Elise Sahlqvist was a hat manufacturer, active around the turn of the century 1900. Her modern views on women’s work awoke much attention from her contemporaries.
Elise Sahlqvist was born in Örebro in 1843 where she also grew up. She was the daughter of Maria Christina Sahlqvist and her husband Lars Sahlqvist, a merchant. She had three sisters and three brothers, of whom two younger brothers died when they were only aged about one. It is unknown what education she was given, but it seems to have been a good one. Her leisure time during her youth was spent on traditional middle-class women’s activities like crochet and embroidery as well as music and literature.
The Sahlqvists were a well-off and typical merchant and entrepreneur family. The latter was an inheritance that the daughters carried on. Elise Sahlqvist’s oldest sister Hilda Christina married Adolf Bergöö, also a merchant, and among their children was Karin Larsson.

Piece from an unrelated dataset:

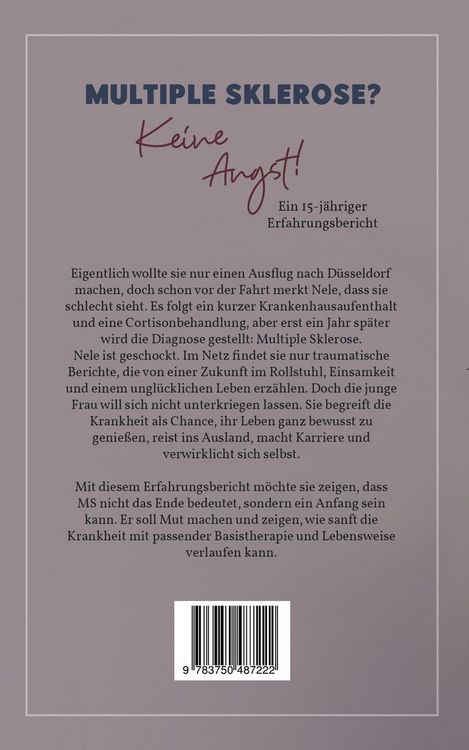 Produktbild: Multiple Sklerose? Keine Angst!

Elise Sahlqvist’s second sister, Ida Carolina, married Fredrik Georg Pripp, a wholesaler, and her third sister, Maria Augusta, married Rudolf Gagge, a bank director. Elise Sahlqvist’s one surviving brother Hjalmar Theodor, five years younger than herself, was an accountant in Stockholm. He tragically committed suicide by drowning himself near Liljeholmsbron in Stockholm in 1868, together with a woman.
Elise Sahlqvist never married and had no children. After her father’s death in 1862, she lived with her mother in the family apartment in Örebro until they both moved to Hallsberg in 1874. Her sister Hilda Christina and brother-in-law Adolf Bergöö were already living there with their family. Their exact living arrangements are unknown, but it is evident that Elise Sahlqvist, her mother and the Bergöö family lived very close to each other in Hallsberg.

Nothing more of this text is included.